> **Exercise instructions**: From the first line to the last, return the data exactly, with no pictures.

+++ Exercise input

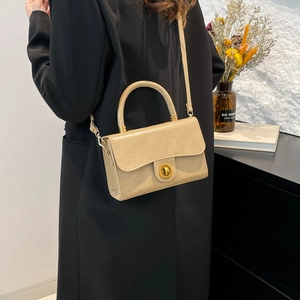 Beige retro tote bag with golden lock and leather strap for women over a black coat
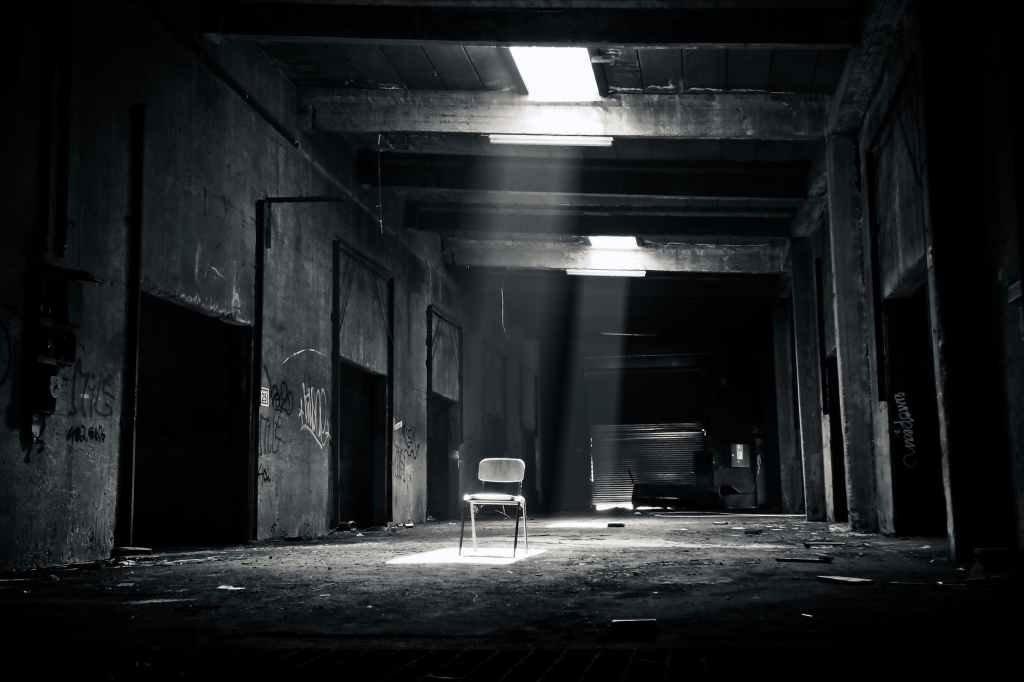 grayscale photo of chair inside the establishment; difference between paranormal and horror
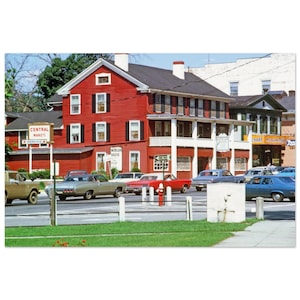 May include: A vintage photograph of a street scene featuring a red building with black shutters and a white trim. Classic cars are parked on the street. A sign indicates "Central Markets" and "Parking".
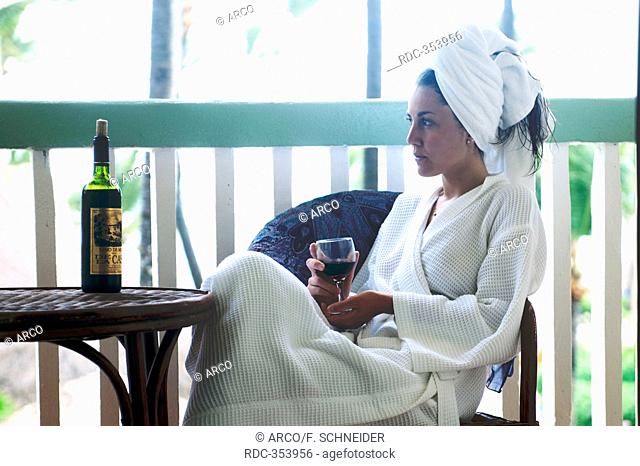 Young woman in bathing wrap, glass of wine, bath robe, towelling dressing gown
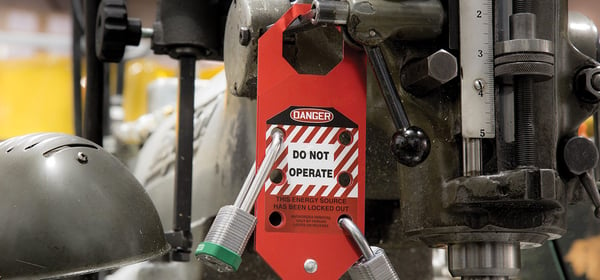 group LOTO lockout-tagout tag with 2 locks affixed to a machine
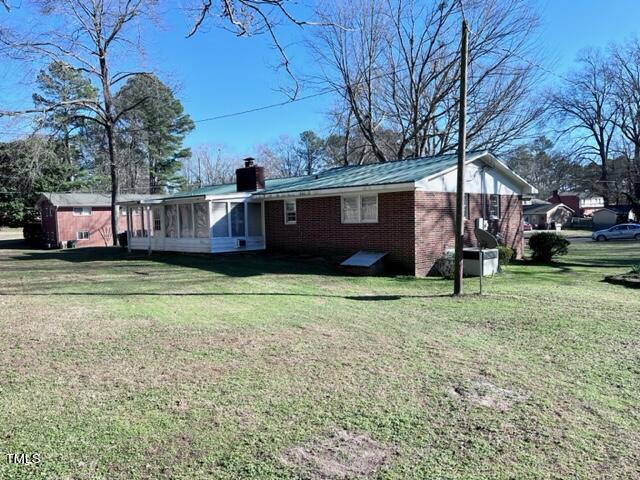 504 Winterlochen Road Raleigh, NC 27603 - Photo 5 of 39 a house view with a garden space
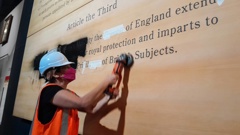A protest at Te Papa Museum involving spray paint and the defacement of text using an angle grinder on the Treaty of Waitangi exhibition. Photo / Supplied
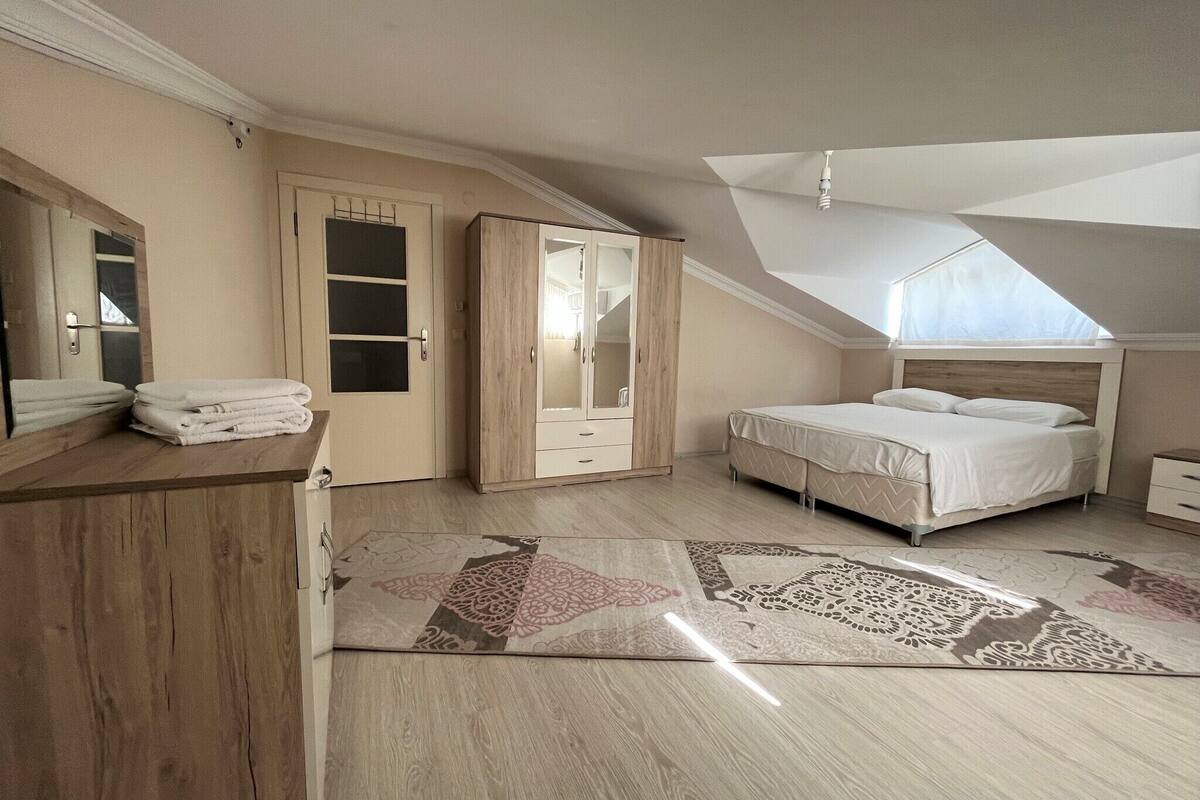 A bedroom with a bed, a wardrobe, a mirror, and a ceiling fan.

++++++

> **Answer for the task**:
 Beige retro tote bag with golden lock and leather strap for women over a black coat
 grayscale photo of chair inside the establishment; difference between paranormal and horror
 May include: A vintage photograph of a street scene featuring a red building with black shutters and a white trim. Classic cars are parked on the street. A sign indicates "Central Markets" and "Parking".
 Young woman in bathing wrap, glass of wine, bath robe, towelling dressing gown
 group LOTO lockout-tagout tag with 2 locks affixed to a machine
 504 Winterlochen Road Raleigh, NC 27603 - Photo 5 of 39 a house view with a garden space
A protest at Te Papa Museum involving spray paint and the defacement of text using an angle grinder on the Treaty of Waitangi exhibition. Photo / Supplied
 A bedroom with a bed, a wardrobe, a mirror, and a ceiling fan.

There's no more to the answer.